(Task data)
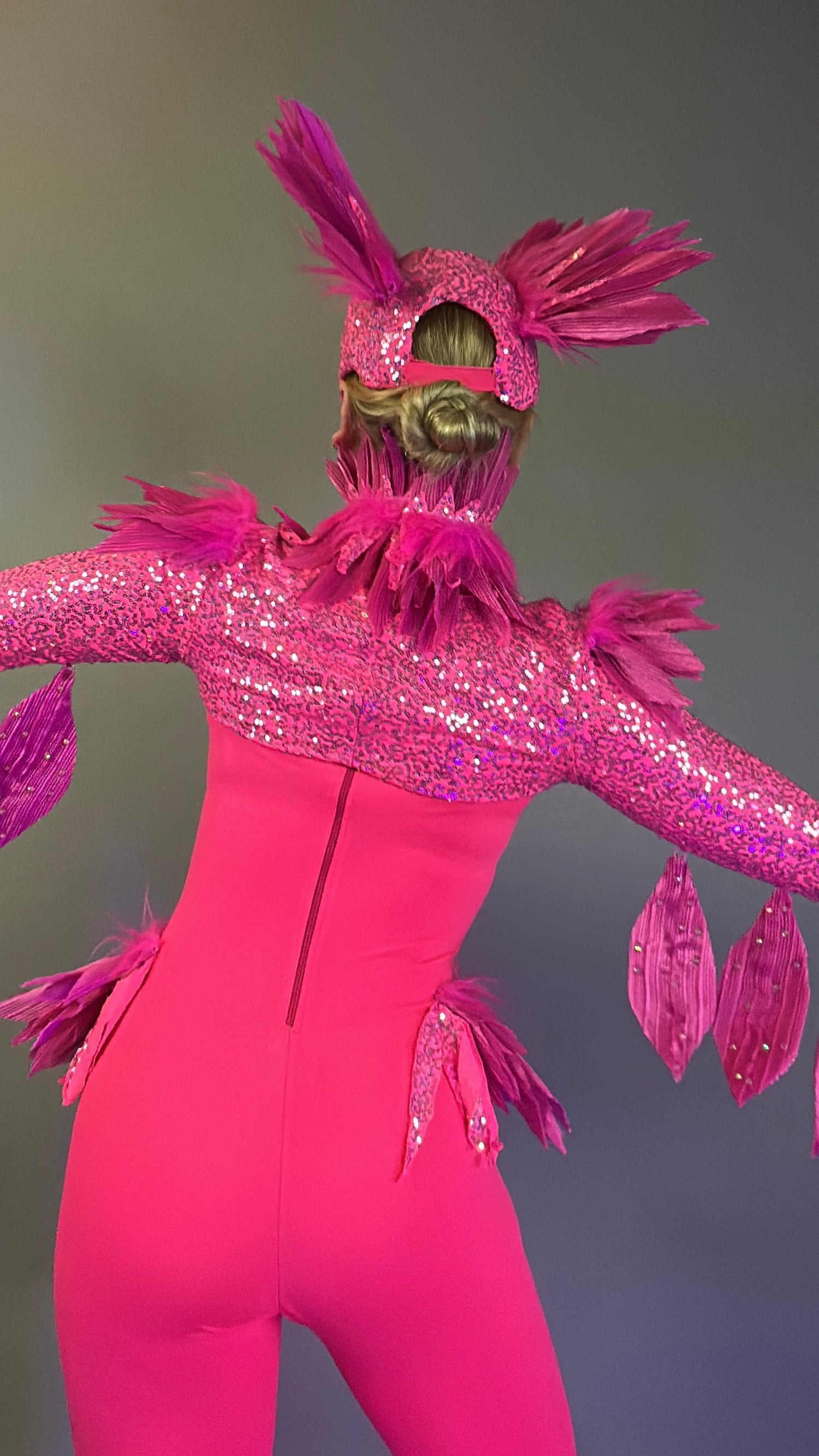 Person in the Pink Bird Full Costume for Aerial and Dancers—vivid pink, sparkling, with feathers and outstretched wings—faces away from the camera, perfect for dazzling stage performances.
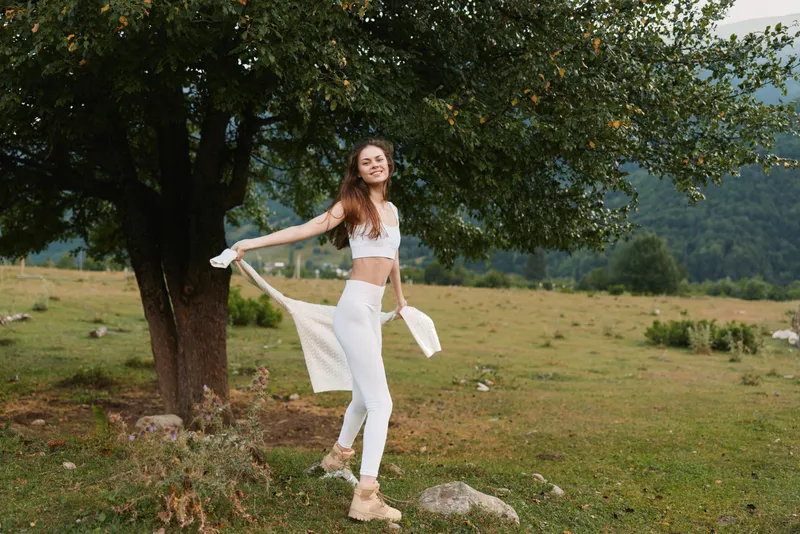 Young woman in white sportswear enjoys nature near tree in open field with mountains background, smiling and holding jacket, healthy lifestyle concept outdoors.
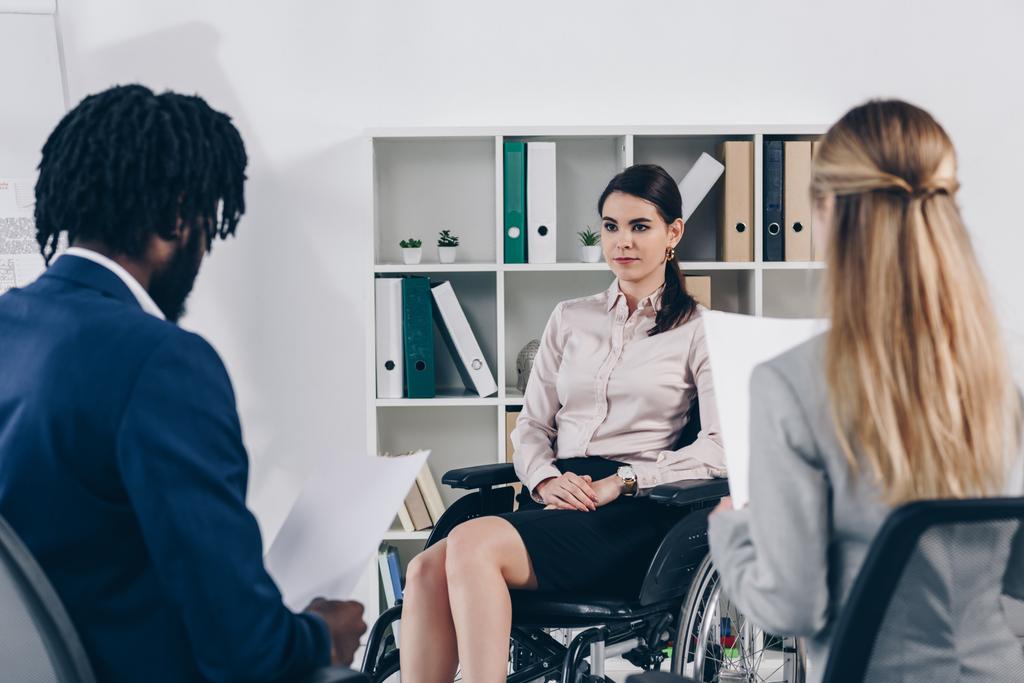 Enfoque selectivo de los reclutadores multiétnicos que realizan una entrevista de trabajo con un empleado discapacitado en el cargo
 - Foto, imagen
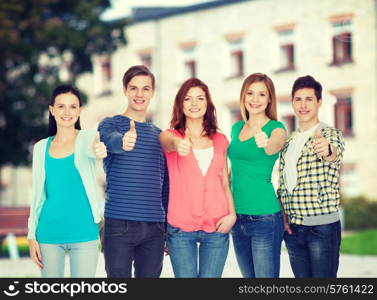 education and people concept - group of smiling students standing and showing thumbs up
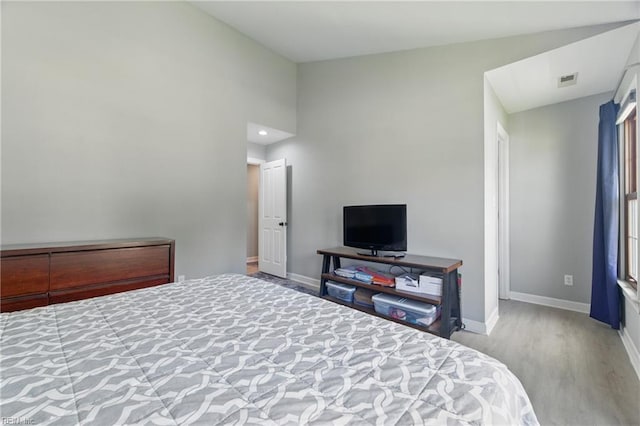 bedroom with baseboards, wood finished floors, and visible vents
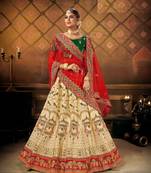 Cream embroidered satin semi stitched lehenga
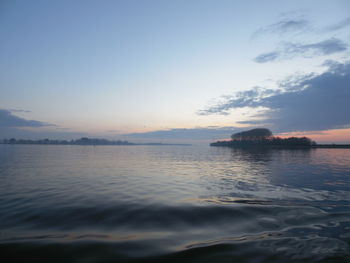 Scenic view of sea at sunset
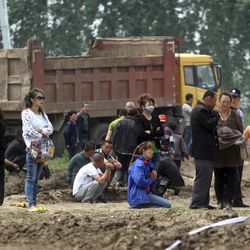 Residents look on as rescue efforts continue near a poultry processing plant that was engulfed by a fire in northeast China's Jilin province's Mishazi township on Monday, June 3, 2013. The massive fire broke out at the poultry plant early Monday, trapping workers inside a cluttered slaughterhouse and killing over a hundred people, reports and officials said.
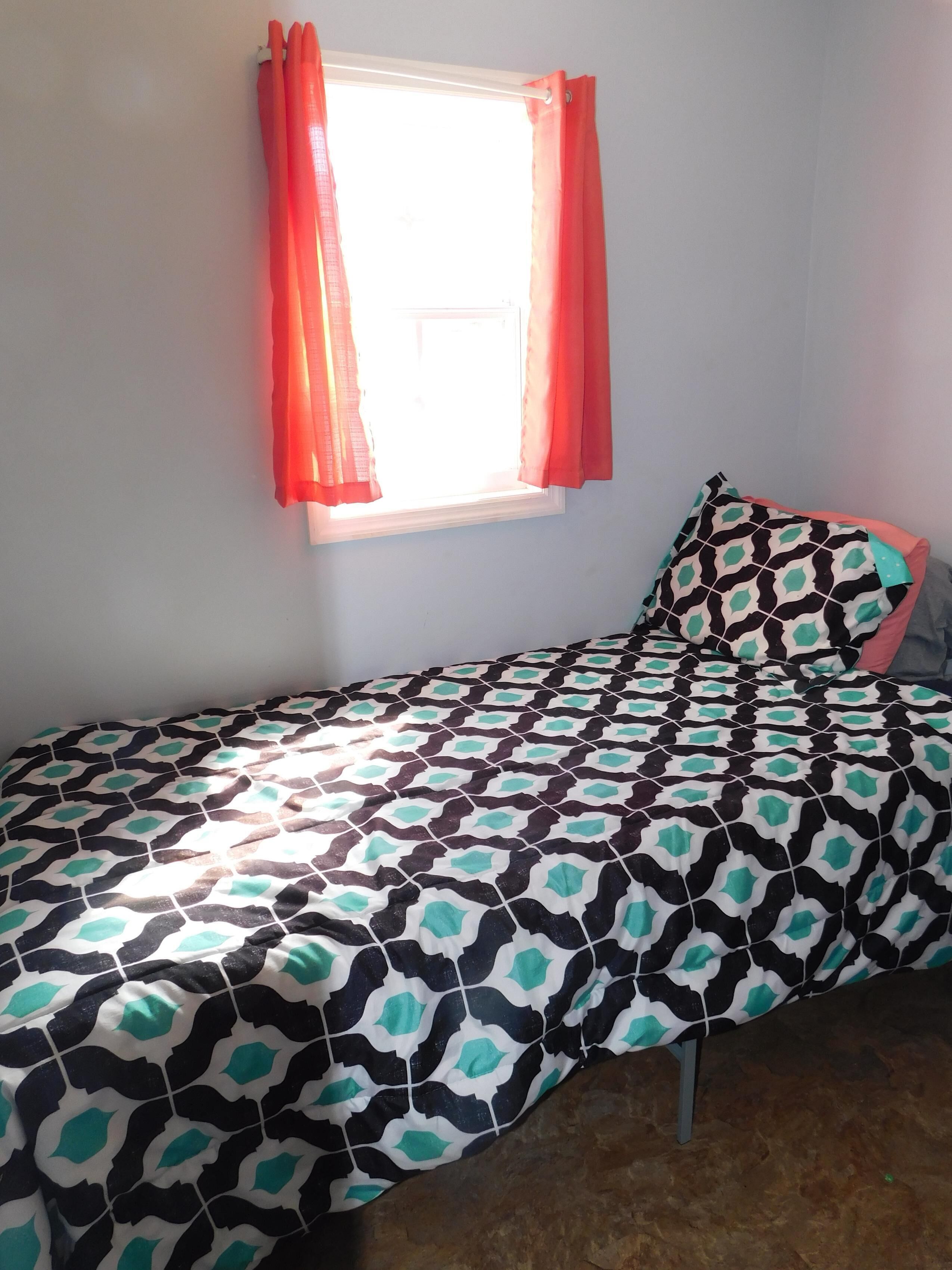 Una cama individual con una colcha estampada, una ventana con cortinas y un almohadón de diseño geométrico.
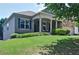 Inviting front exterior showcasing lush green grass, mature landscaping, and a covered front porch at 514 Creekshire Cir, Canton, GA 30115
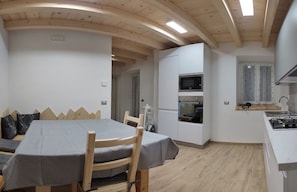 A compact room with a dining table, chairs, a built-in oven, and a small kitchenette. - Profumo di Legno - CODICE CIPAT 022139-AT-010022 (Roncogno di Pergine Valsugana)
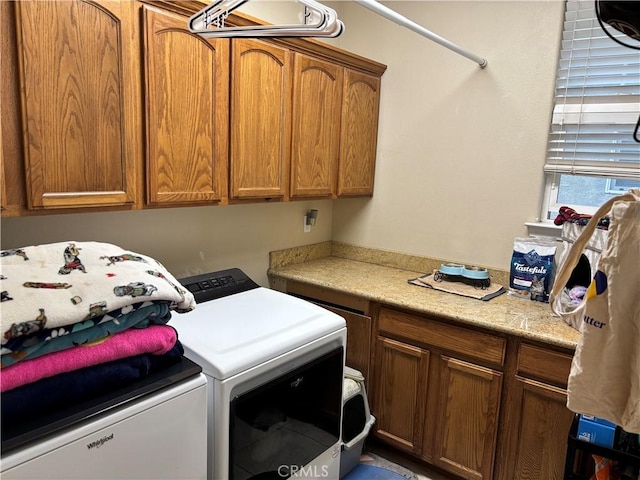 clothes washing area with cabinet space and independent washer and dryer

(Directions)
Copy the entries precisely, images excluded.

(Result)
 Person in the Pink Bird Full Costume for Aerial and Dancers—vivid pink, sparkling, with feathers and outstretched wings—faces away from the camera, perfect for dazzling stage performances.
 Young woman in white sportswear enjoys nature near tree in open field with mountains background, smiling and holding jacket, healthy lifestyle concept outdoors.
 Enfoque selectivo de los reclutadores multiétnicos que realizan una entrevista de trabajo con un empleado discapacitado en el cargo
 - Foto, imagen
 education and people concept - group of smiling students standing and showing thumbs up
 bedroom with baseboards, wood finished floors, and visible vents
 Cream embroidered satin semi stitched lehenga
 Scenic view of sea at sunset
 Residents look on as rescue efforts continue near a poultry processing plant that was engulfed by a fire in northeast China's Jilin province's Mishazi township on Monday, June 3, 2013. The massive fire broke out at the poultry plant early Monday, trapping workers inside a cluttered slaughterhouse and killing over a hundred people, reports and officials said.
 Una cama individual con una colcha estampada, una ventana con cortinas y un almohadón de diseño geométrico.
 Inviting front exterior showcasing lush green grass, mature landscaping, and a covered front porch at 514 Creekshire Cir, Canton, GA 30115
 A compact room with a dining table, chairs, a built-in oven, and a small kitchenette. - Profumo di Legno - CODICE CIPAT 022139-AT-010022 (Roncogno di Pergine Valsugana)
 clothes washing area with cabinet space and independent washer and dryer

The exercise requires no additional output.